В годы правления короля Якова I в Британию вернулся путешественник Томас Кориат, побывавший в Италии. Он рассказал о потрясшем его воображение столовом приборе, именуемом вилкой. Вилка, настаивал он, избавляет от необходимости лезть грязными руками в общую тарелку. Разумеется, англичане отнеслись к новинке, тем более иностранной, с большим подозрением. «Зачем нам маленькие вилы? Мы же не сено заготавливаем. И так в рот попадем», – возмущался в 1618 году Николас Бретон[126]. Но вилки прижились, а с их появлением переместилась и столовая салфетка. Прежде участники трапезы укрывали ею всю грудь до плеч, чтобы, пальцами захватывая еду с тарелки и поднося ко рту, не запачкать одежду. В XVII веке салфетку стали класть на колени.
Не только столовые приборы стали сложнее и разнообразнее – менялись и застольные манеры. «Рыгать или икать за столом, – пишет Ричард Уэст в своей “Книге по этикету” (1619), – отвратительно, дурно и непристойно». «Не пережевывай мясо с открытым ртом, выставляя его на всеобщее обозрение», – добавляет автор XVI века Хью Роудз. Он также отмечает, что плевать можно, но: «Не оставляй плевок на полу и затопчи его».
На пиршествах времен Тюдоров и Стюартов после мясных блюд устраивали банкет, на котором подавали засахаренные фрукты и уже упоминавшиеся нами «сласти» – кондитерские изделия из орехов, сахара, марципана и пряностей в форме причудливых сооружений, – они радовали глаз и вызывали обильное слюноотделение. Для банкета варили варенье из айвы и слив. Кроме того, существовало множество рецептов, объясняющих, «как правильно засахаривать все виды цветов в том виде, в каком они растут».

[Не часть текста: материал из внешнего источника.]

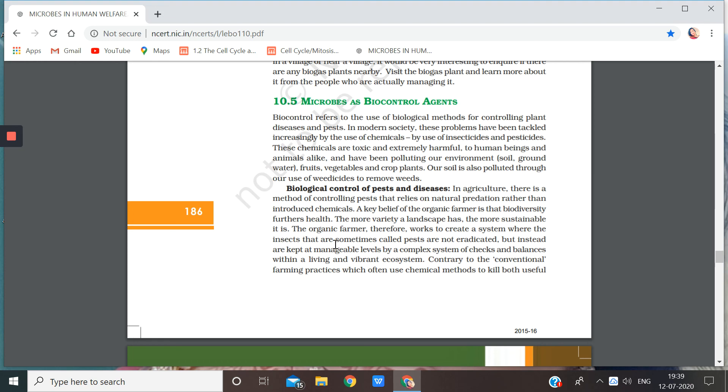So a key belief of the organic farmer is that biodiversity furthers health. The more variety a landscape has, the more sustainable it is. Now this line is very important.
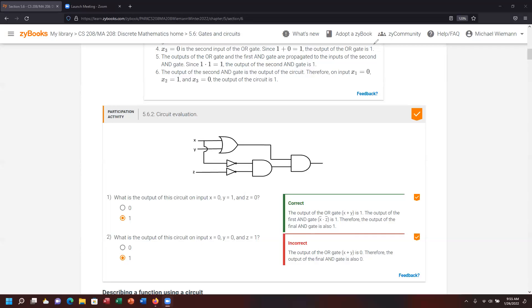Let's go ahead and begin the demonstration of section 5.6 out of the Zybook. The first participation activity gives us the values of X, Y, and Z, and then via the logical gates that are here, we're going to evaluate what the final answer is going to look like.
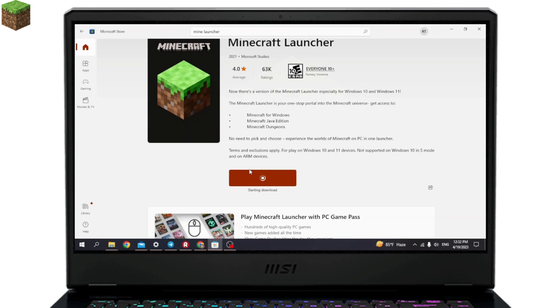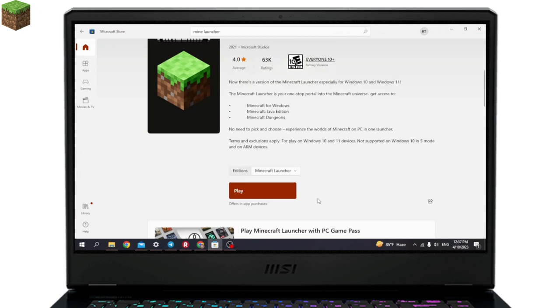Now it is in the process of being downloaded. You have to wait for a few seconds. After download completion, click on the 'Play' option.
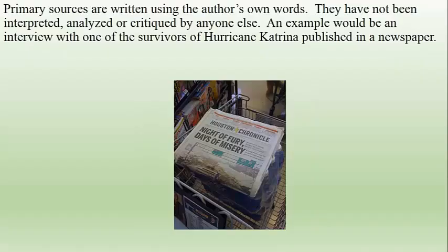Primary sources are written using the author's own words. They have not been interpreted, analyzed, or critiqued by anyone else. An example would be an interview with one of the survivors of Hurricane Katrina that is published in a newspaper.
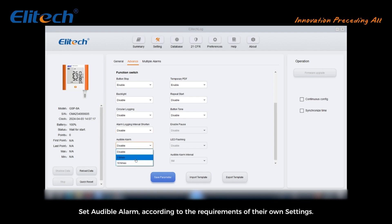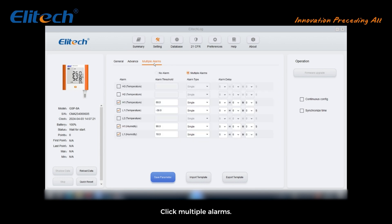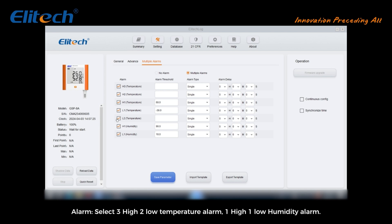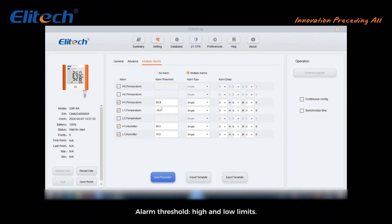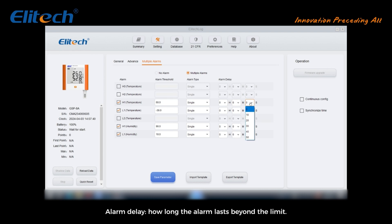Set audible alarm according to requirements. Click multiple alarms: alarm select three high, two low temperature alarm, one high, one low humidity alarm. Alarm threshold: high and low limits. Alarm type: single or cumulative. Alarm delay: how long the alarm lasts beyond the limit.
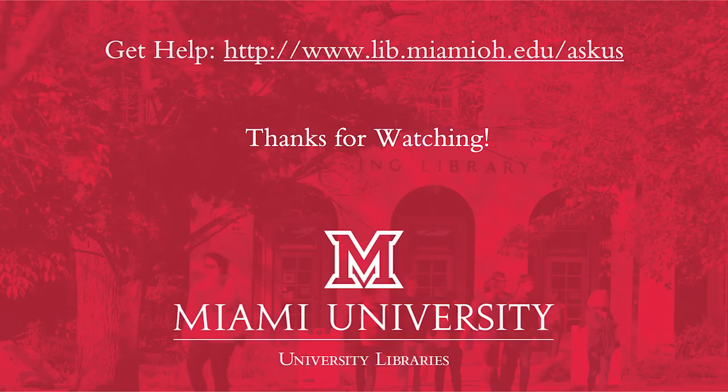As always, if you have any questions about which database to search or any other aspect of the library research process, don't hesitate to contact us by using our chat reference service.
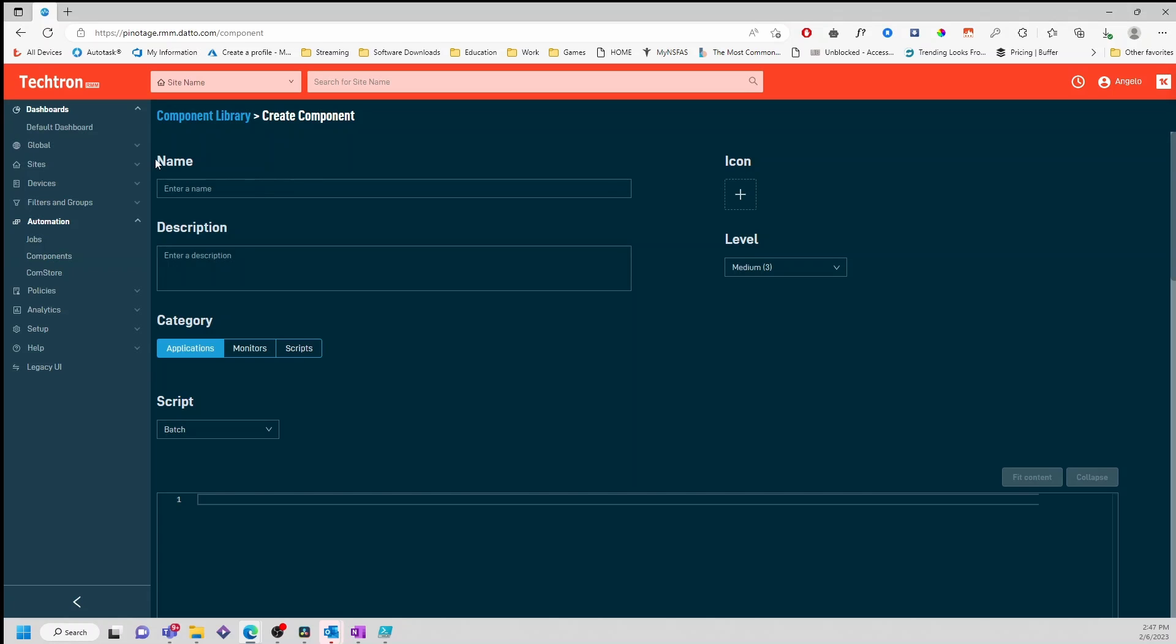Next, we'll add a name, description, category, script type and select the level of execution.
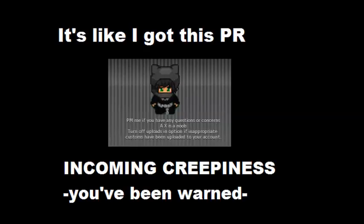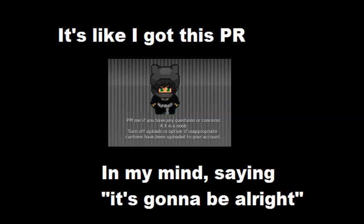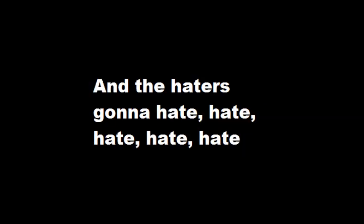But I keep cruising, can't stop, won't stop grooving. It's like I got this PR in my mind saying it's gonna be alright. 'Cause the players gonna play, play, play, play, play, and the haters gonna hate, hate, hate, hate. Baby, I'm just gonna mess up.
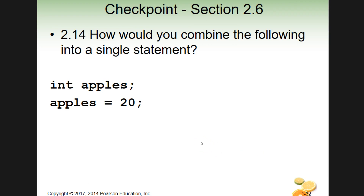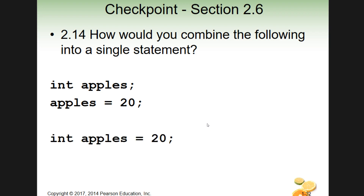Let's take a look at how we've been doing these. We may have actually done this exact one in a video before. So we have int apples with a semicolon, and then apples equals 20 with a semicolon — two unique statements. If you wanted to combine them into a single statement, it would be int apples equals 20 semicolon. This is a complete statement that is the same as those two statements.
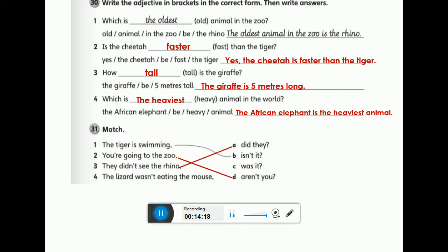Number four: the lizard wasn't eating the moth. The verb is 'wasn't' — negative form. So we make it affirmative and substitute 'the lizard' with a subject pronoun. Since the lizard is an animal, we use 'it'. The answer: was it. Good job!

Поскольку «сласти» играли скорее декоративную роль, они побуждали гостей к довольно экстравагантным поступкам. Выразив свое восхищение шедевром кулинарного искусства, гости принимались его крушить, – подобно тому, как сегодня в некоторых культурах принято бросать через плечо бокалы. Роберт Мэй[127], живший в XVII веке, описывает буйную сцену, которую наблюдал на банкете, где гостей потчевали кулинарными изысками: «Надрезали корочку пирога, а из него выскочили лягушки! Дамы от неожиданности подпрыгнули и завизжали. Еще из одного пирога вылетели птицы». «Живые птицы и лягушки» вызвали бурное веселье. Иногда на банкете подавали блюда, только выглядевшие съедобными. Так, в 1443 году во время празднования в честь вновь назначенного архиепископа Кентерберийского на стол поставили сахарную скульптуру, изображающую «Святого Андрея в обрамлении золотых лучей, восседающего на алтаре главного храма страны». Не исключено, что скульптура была выполнена вовсе не из сахара, а из дерева или гипса.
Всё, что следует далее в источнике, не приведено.